A new, larger than life teaspoon sculpture lands on Sydney Harbour
A new, larger than life teaspoon sculpture lands on Sydney Harbour

Sydney Morning Herald

time6 hours ago

  • Sydney Morning Herald

A new, larger than life teaspoon sculpture lands on Sydney Harbour

Spoon-bending 'feats' of telekinesis and illusion are the inspiration for a new commission at the Museum of Contemporary Art as the gallery heroes contemporary sculpture on the harbour and tackles a multi-million dollar operating deficit.

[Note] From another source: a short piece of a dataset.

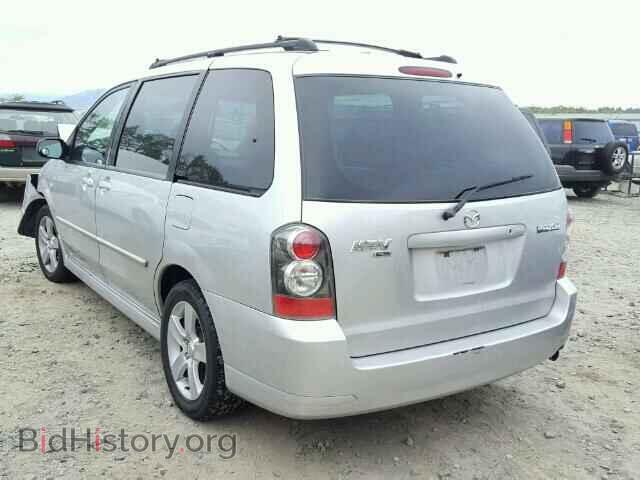2004 MAZDA MPV - VIN: JM3LW28J340520730 - Фото 3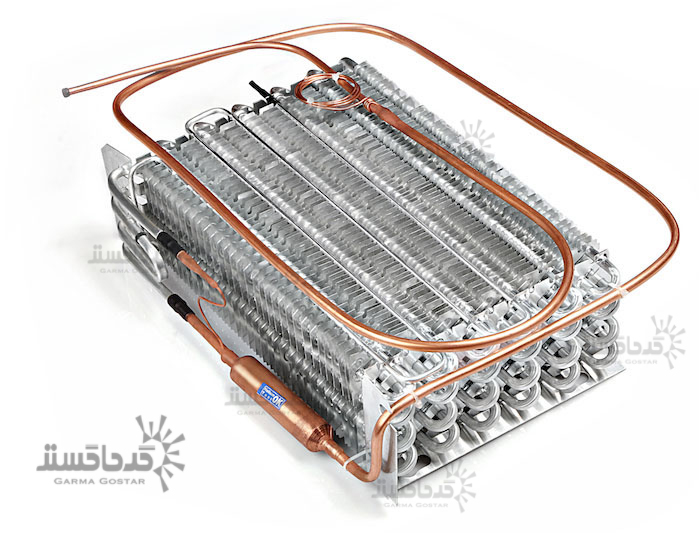 گرماگستر تولید کننده انواع قطعات یخچال - اواپراتور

Los Angeles-based Australian artist Ricky Swallow was fascinated by Uri Geller's so-called mind tricks as a young boy growing up in the pre-internet Melbourne, and has created four warped large-scale stainless-steel spoon sculptures for the MCA's terrace which appear to have been put through the same mind wash. 'I felt like Uri Geller was on an endless world tour with that trick,' Swallow notes. 'I remember trying to bend spoons having seen it demonstrated by Uri Geller on TV. ' Swallow's Bent Forms #1–#4, scaled-up wax prints of actual teaspoons, are the first in a series of prominent sculptural commissions to be installed at the MCA over the next six months, the biggest being the inaugural Neil Balnaves Tallawoladah Lawn Commission to be unveiled late September in honour of the late arts philanthropist. A work by British contemporary sculptor Thomas J. Price will be the first of three to be showcased over three years on the museum's prominent harbour-side verge. The details come as the MCA revealed a $2 million operating deficit for 2024. The loss, which it says is covered by cash reserves, has been attributed to the ongoing impact of the global economic downturn and rising costs of wages, energy, exhibition freight and construction. In January, it introduced admission fees for the first time in 25 years. According to its latest financial results, the MCA is now self-generating about 85 per cent of its revenue from corporate partners, patrons and commercial activities including a new-look gala fundraiser, the MCA Artists Ball, which raised more than $1.1 million. Cost-cutting would continue throughout this year, its chair, Lorraine Tarabay said, its revenue measures moving the gallery closer to a balanced budget by end of the year with the benefit of full impact felt in 2026.